A Pennsylvania court of intermediate jurisdiction has rendered a decision under a like statutory provision for game inspection which is in accord with those just above noted. A headnote reads:
"Section 214(h) and (i) of the game law of June 3, 1937, PL 1225, providing for inspection by State officers, without warrant, at any time, of vehicles or conveyances, their occupants or contents, in order to determine whether an unlawfully loaded firearm or unlawfully killed game is being carried or conveyed, does not contravene article 1, § 8, of the Constitution of Pennsylvania, prohibiting unreasonable searches and seizures." Commonwealth v. Butler, 40 Pa D C 358.
There has not been called to our attention nor has our research disclosed a decision of any court of last resort wherein a conclusion was reached which was contrary to the decisions above noted. In People v. Weaver, 241 Mich. 616 (58 ALR 733), we said:
"As a general rule it may be stated that the authorities agree to the proposition that one may waive the issuance of a search warrant and by consent permit the search of his premises."
It would seem to follow that one may also waive his right against unreasonable search of his person.
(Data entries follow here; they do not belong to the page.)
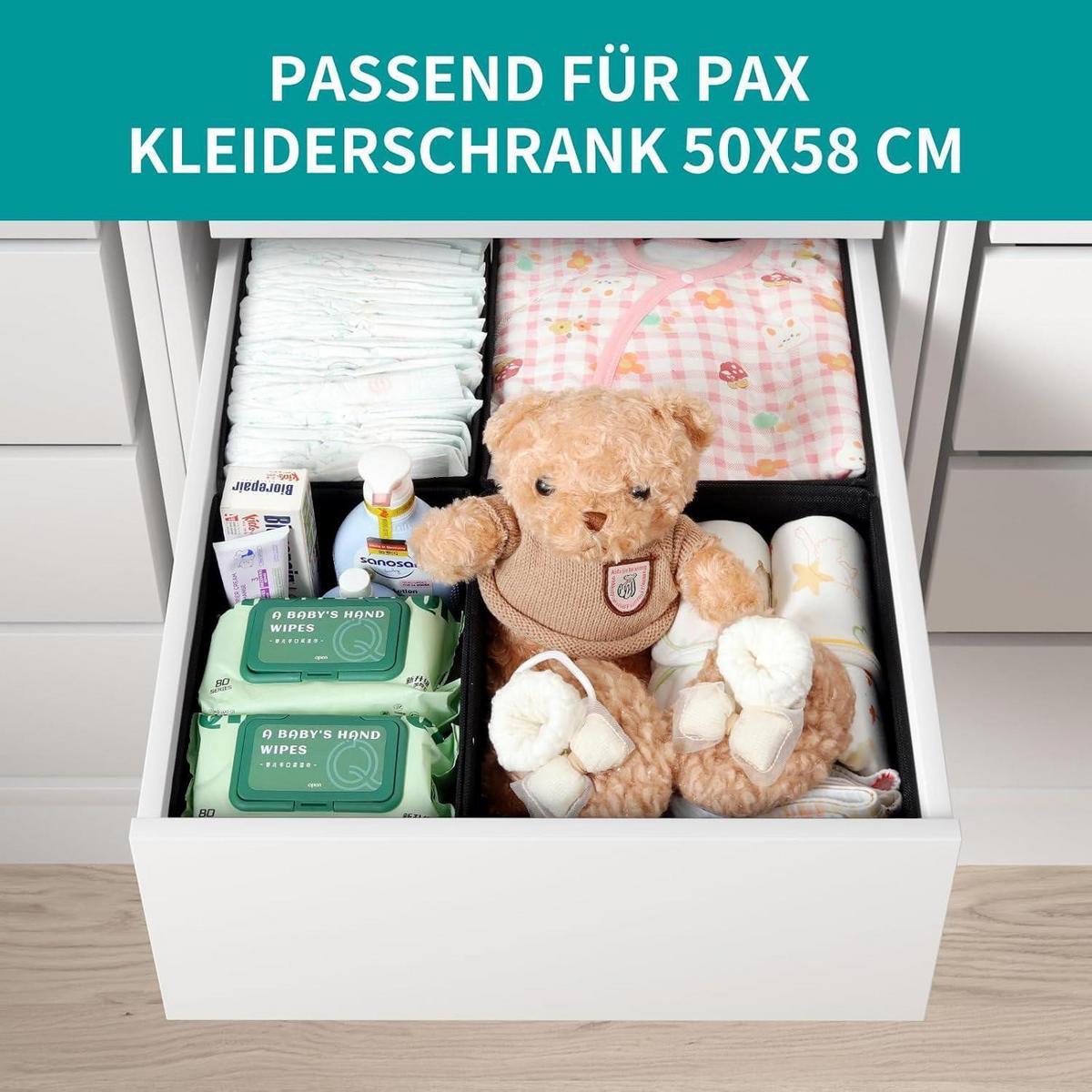 SCHUBLADEN Organizer 4er Set Schwarz für PAX Kleiderschrank 50x58 cm - Schwarz, Textil (28/12/28cm)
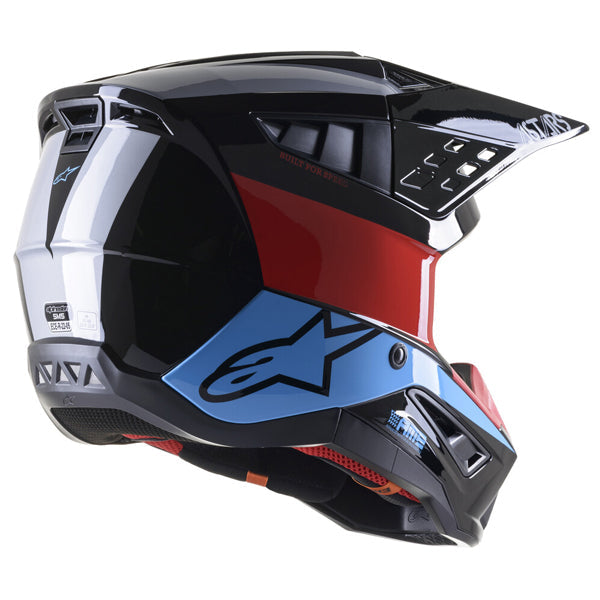 Black/Red/Cyan Gloss product view, lightweight off‑road motorcycle helmet with ventilation and impact protection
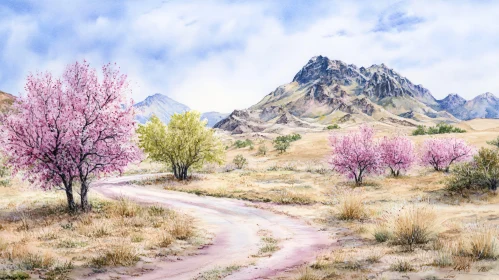 Blooming Trees in Desert-Like Terrain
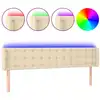 Image de vidaXL Tête de lit LED Crème 183x16x78/88 cm Tissu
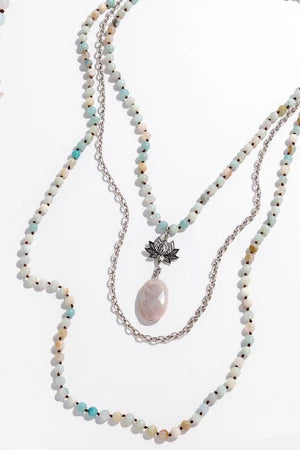 KD21 HAVE FAITH LOTUS AMAZONITE FUSION NECKLACE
The statute provides that as a condition of the conservation officer's right to require a person to permit the officer "to inspect, count and examine" game or equipment for taking game which are in such person's possession, the officer must "reasonably" believe that the person accosted comes within the limited purview of the statute. The officer may not act on mere suspicion ( People v. Stein, 265 Mich. 610 [92 ALR 481]). However the record in the instant case discloses abundant facts and circumstances to justify a reasonable belief as required by the statute. Notwithstanding the statutory provision involved in the instant case: "No one will contend that an officer may promiscuously stop automobiles upon the public highway and demand the driver's license merely as a subterfuge to invade the constitutional right of the traveler to be secure against unreasonable search and seizure." People v. Roache, 237 Mich. 215, 222.
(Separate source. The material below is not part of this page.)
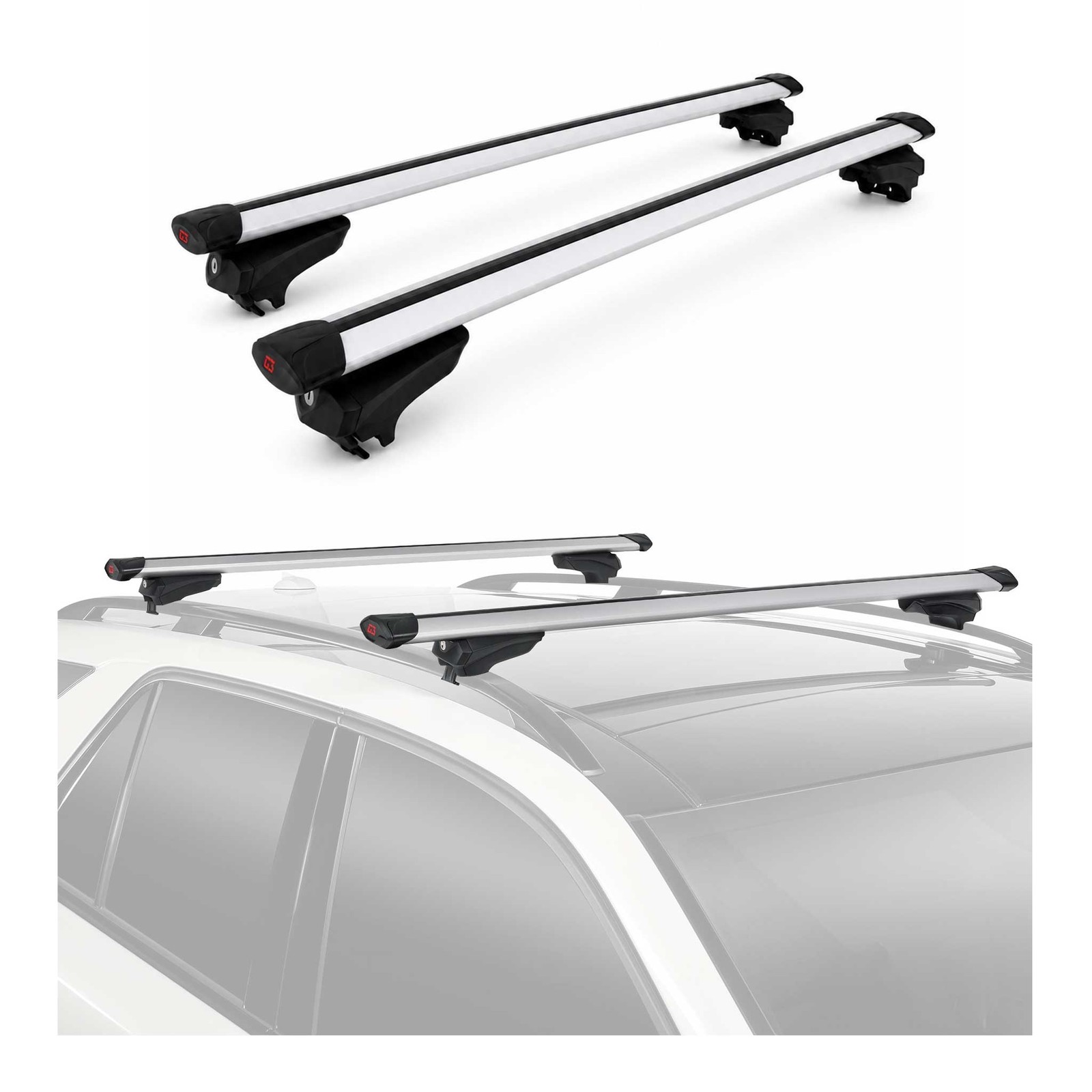 G3 43.3″ Roof Racks Universal Cars SUV Aluminium Lockable 2Pcs Silver 165lbs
We are not in accord with the claim of defendant, but not seriously stressed, that this Act No 43 in the particulars here involved violates the Fourteenth Amendment to the United States Constitution, in that it deprives one of due process and equal protection of the law. This statute applies equally to all persons who are like situated. In Duncan v. Missouri, 152 U.S. 377, 382 ( 14 S Ct 570, 38 L ed 485), it is said: "Due process of law and the equal protection of the laws are secured if the laws operate on all alike, and do not subject the individual to an arbitrary exercise of the powers of government." See, also, State v. Bennett, supra.
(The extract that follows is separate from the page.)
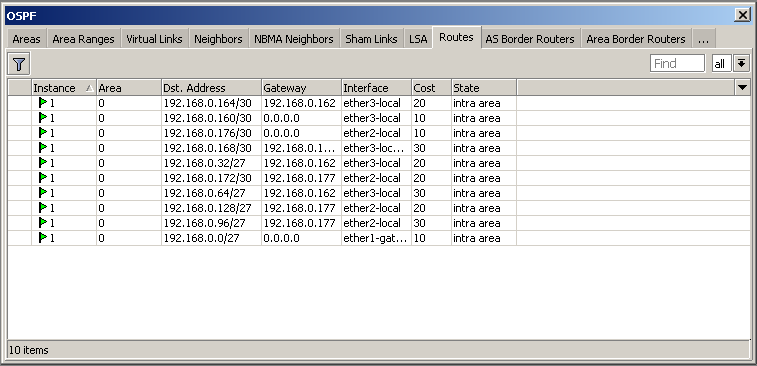 9. V záložce Routes lze zobrazit všechny sítě, které daný MK zná: Routes OSPF Routes 10.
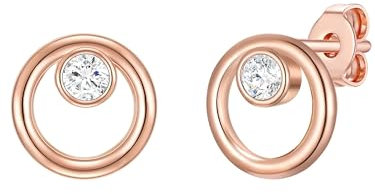 Rafaela Donata Damen-Ohrstecker aus 925 Sterling Silber rosévergoldet mit Zirkonia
The record before us is persuasive that the controverted statutory provisions are a reasonable and quite essential aid in the performance of the duties of the director of conservation, who is charged not only with enforcement of laws against illegal taking of various species of wild life, but also with acquiring information and data which will aid in the propagation and preservation of game and fish and in the promotion of related public safety and public welfare. Our consideration of this case brings the conclusion that PA 1948 (1st Ex Sess), No 43, is not unconstitutional in any of the respects asserted by defendant. If necessary the writ of mandamus should issue. The only question here involved being one of public importance, no costs will be awarded.
BUTZEL and CARR, JJ., concurred with NORTH, J.